Signs. And wonders.

Animation: Kermit the Frog frantically typing
Me, blogging

Hiya. Happy Cinco de Mayo. I would have written that en español, but I’ve been informed by some people with too much time on their hands that it’s not really a generally-observed Mexican holiday, but only an excuse to eat tacos and guacamole, and drink Coronas and margaritas. To which I respectfully respond: and your point is…?

Anyway, today’s subject is signs. Also pictograms, which are just signs made by third graders. I have an extensive collection to share with you today, and by “extensive” I mean three.

My pal Tommy recently bought a tractor, and I drove it. It has cruise control, because when you’re going three miles per hour, you can’t be distracted by having to keep your foot on a pedal. Although now that I think about it, I can’t remember if the throttle was foot-controlled. But I digress.

The tractor is covered with pictograms, mostly attempting to describe all the potentially fatal things one can suffer while driving a tractor (of which there are many; the primary purpose of owning a tractor is apparently not to drive it), but mainly succeeding in being unintentionally hilarious. OK, amusing.

Like this one:

Frankly, I can’t think of many things a tractor is better suited for than an exciting game of catch using a beach ball.
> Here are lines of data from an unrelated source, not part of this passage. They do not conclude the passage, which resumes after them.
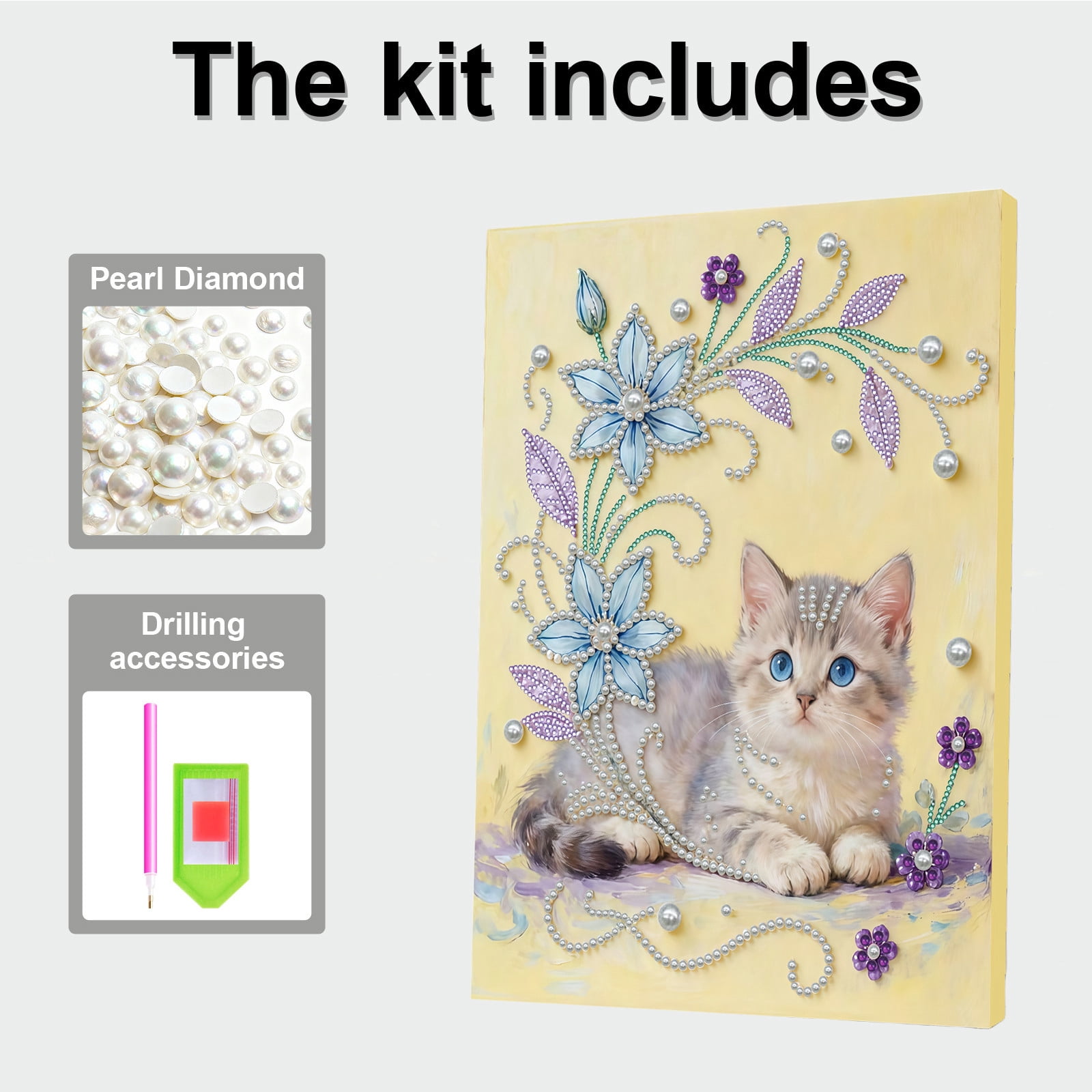 FLOPESN DIY Gemstone Pearl Diamond Art Painting Kit with Frame, 11.81x15.75in Colored Canvas, Home Decor Display for Tabletop and Wall -Cat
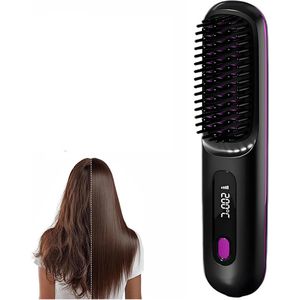 Oplaadbare steilborstel/stijltang met LED-scherm - Draadloze en compacte haarborstel voor stijl & glans - Ideaal voor reizen - Zwart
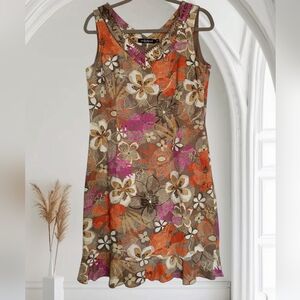 10🌸Floral Linen Blend Midi Dress - Multicolor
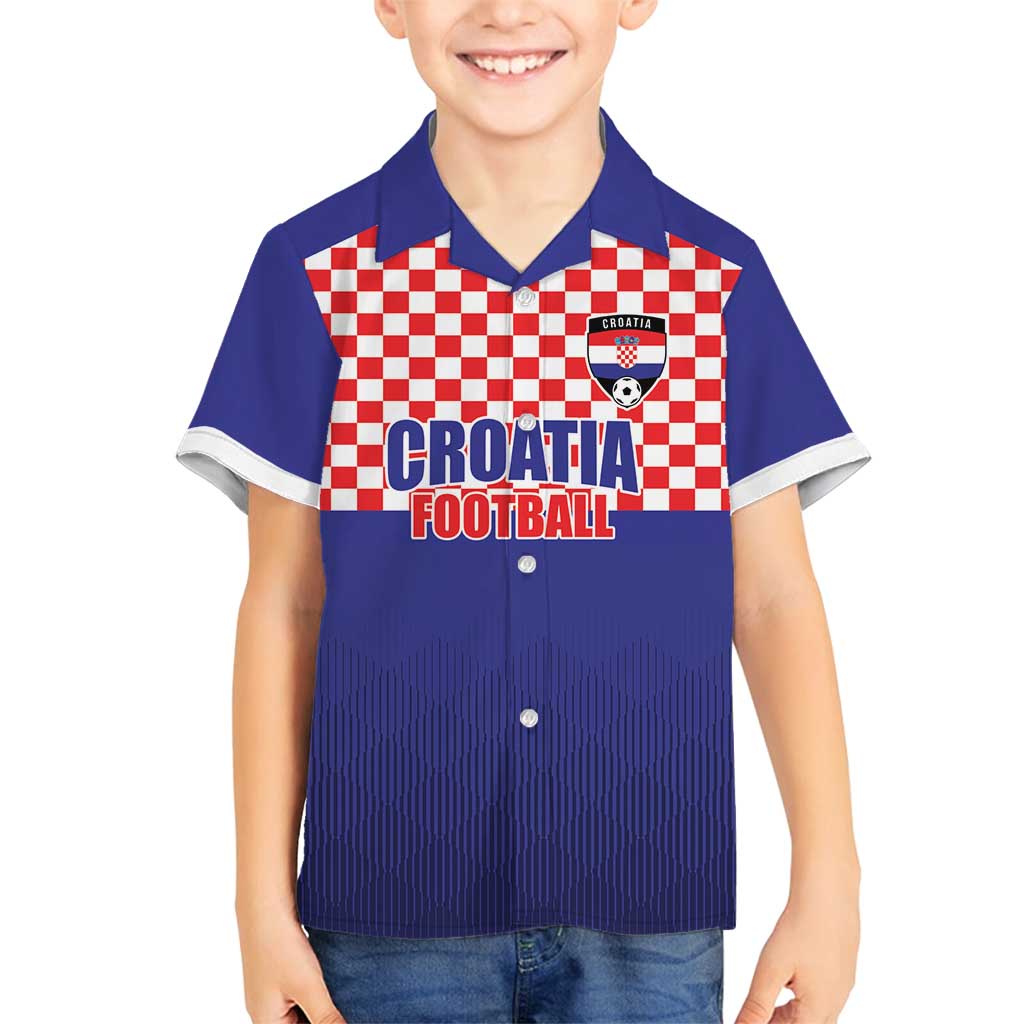 Custom Croatia Football Family Matching Off Shoulder Short Dress and Hawaiian Shirt Sporty Style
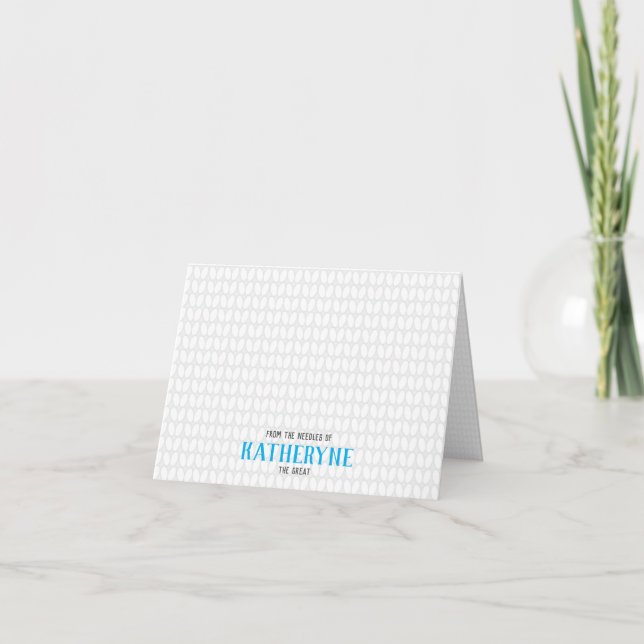 Sky Blue Personalisiert Strick Stitch Mitteilungsk (Vorderseite)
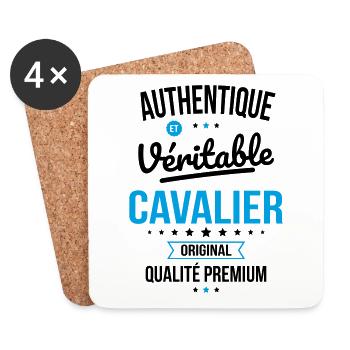 Authentique et véritable cavalier - Original - Dessous de verre (lot de 4) - blanc - Devant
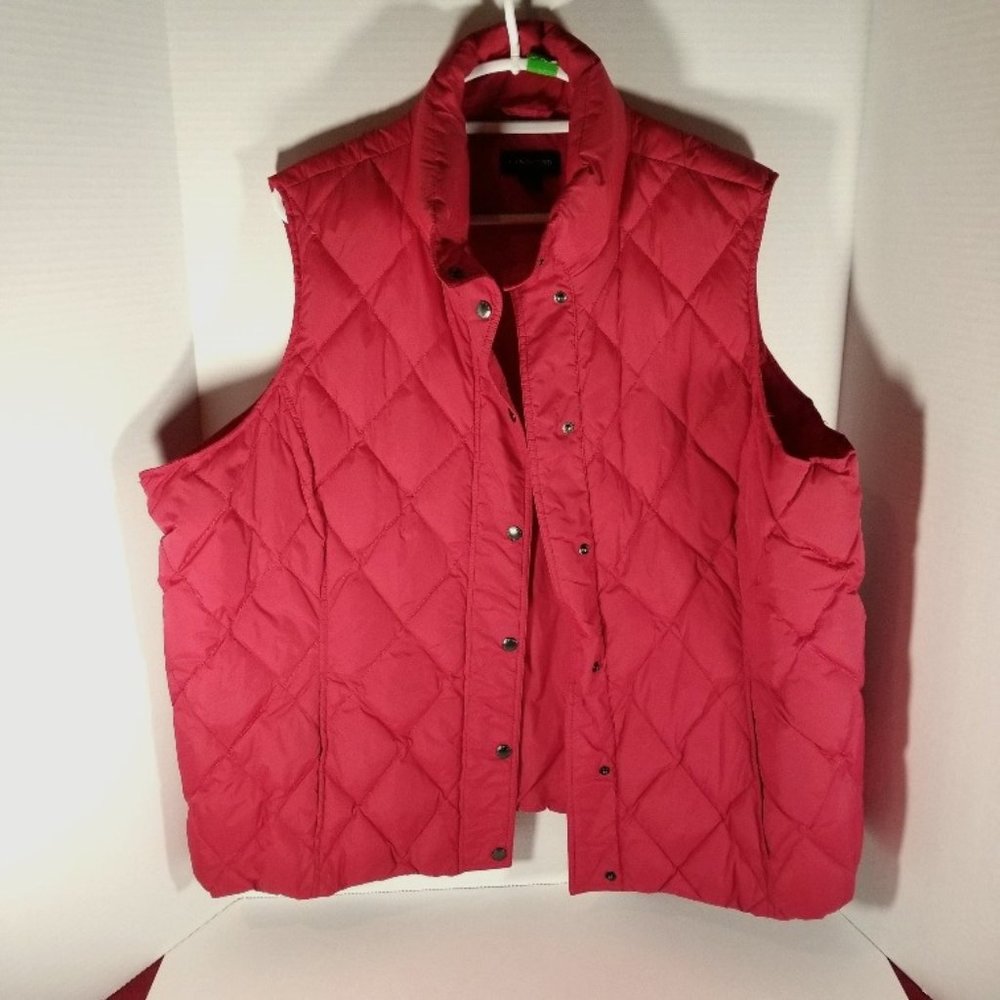 Lands End Women's re quilted snap vest 3X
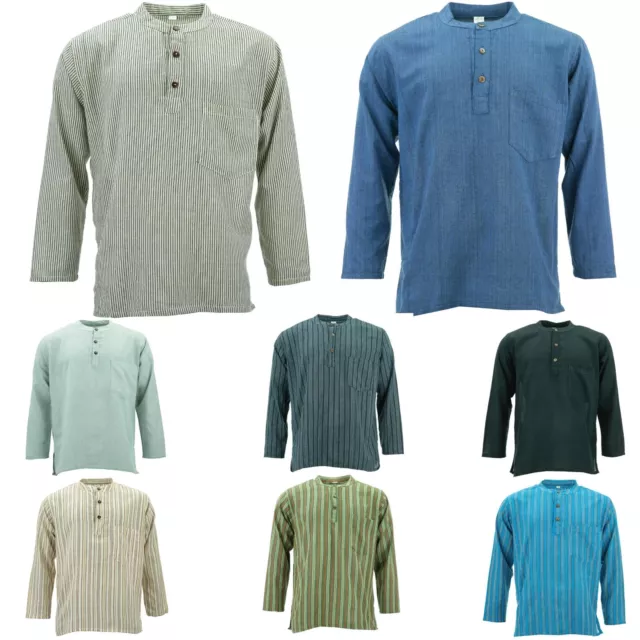 Cotton Grandad Collar Shirt Kurta Plain Men Collarless Long Sleeve Gheri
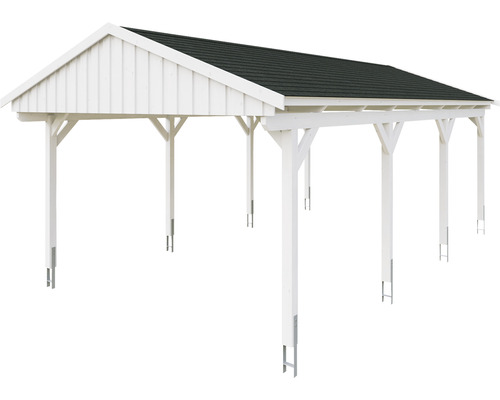 Weißer Holzcarport mit Dach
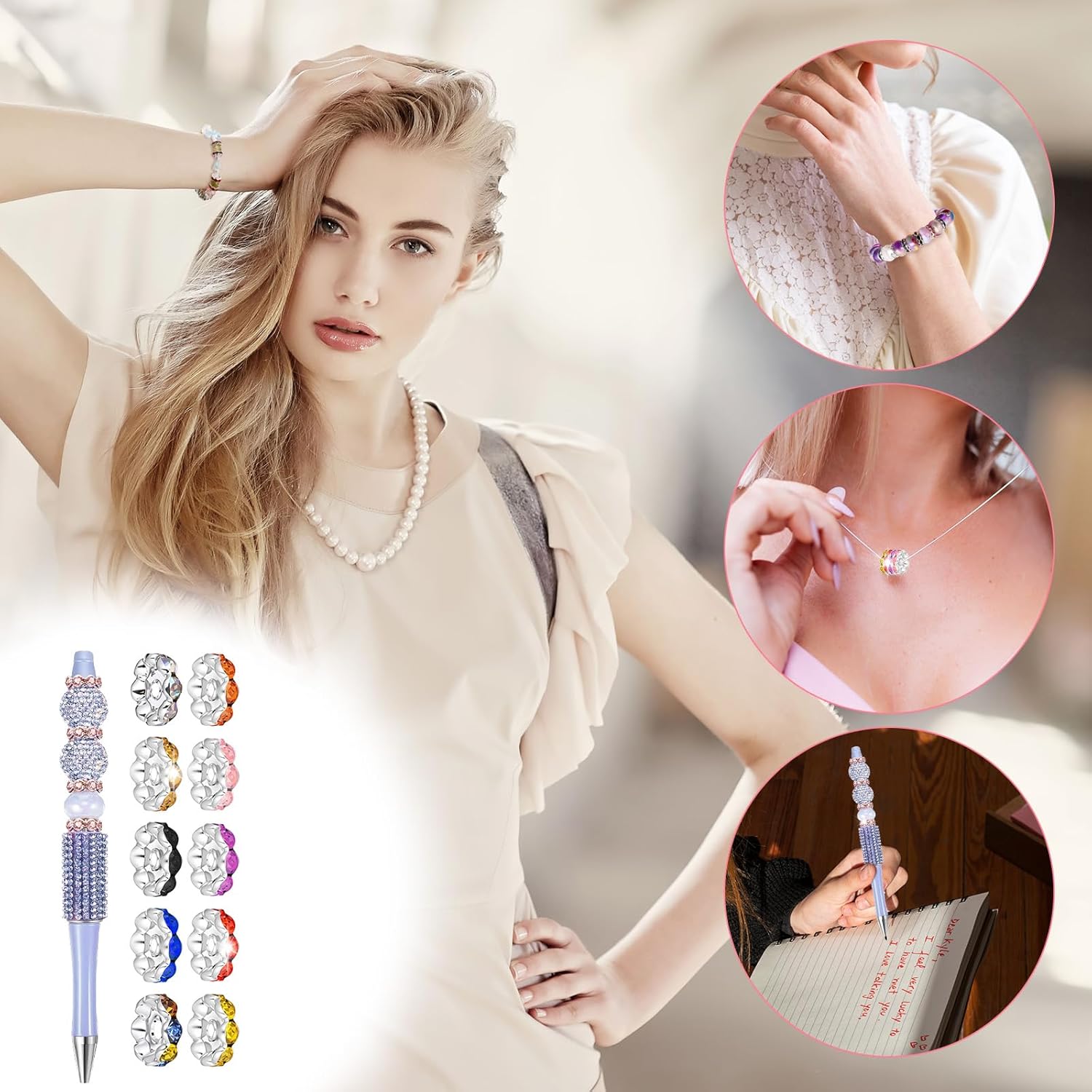 120 Pack 12 mm Large Hole Focal Beads Rhinestone Wave Spacer Multicolor Rondelle Spacers Beads Fancy Glitter Wave Diamond Crystal Bead Bulk Beadable Spacer Bead for Jewelry Making Pens - Image 3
Here’s the actual uncropped but much less fun sign.


I still like “use this tractor with a beach ball” better.

Then there’s this one, inscribed on a tube affixed to the deck of the tractor and which, frankly, took four of us chronologically adult persons several minutes of collective conjecture before we figured it out.

For the life of me, I can’t imagine why the graphic designer thought that a pictogram instructing the tractor operator to pick up and drink a thermos of coffee, then read a book, and then put the thermos down could possibly ever be interpreted as “open this tube to read the tractor manual.”

Finally, while this isn’t technically a sign or even a pictogram, it’s close enough and this is my blog. We recently received a FedEx delivery and apparently our location is still something of a mystery to that company’s GPS system. Some enterprising logistics specialist determined that the treeware solution was the ideal approach to making sure the package arrived at the indended destination. In this digital age, it’s nice to know that analog still works.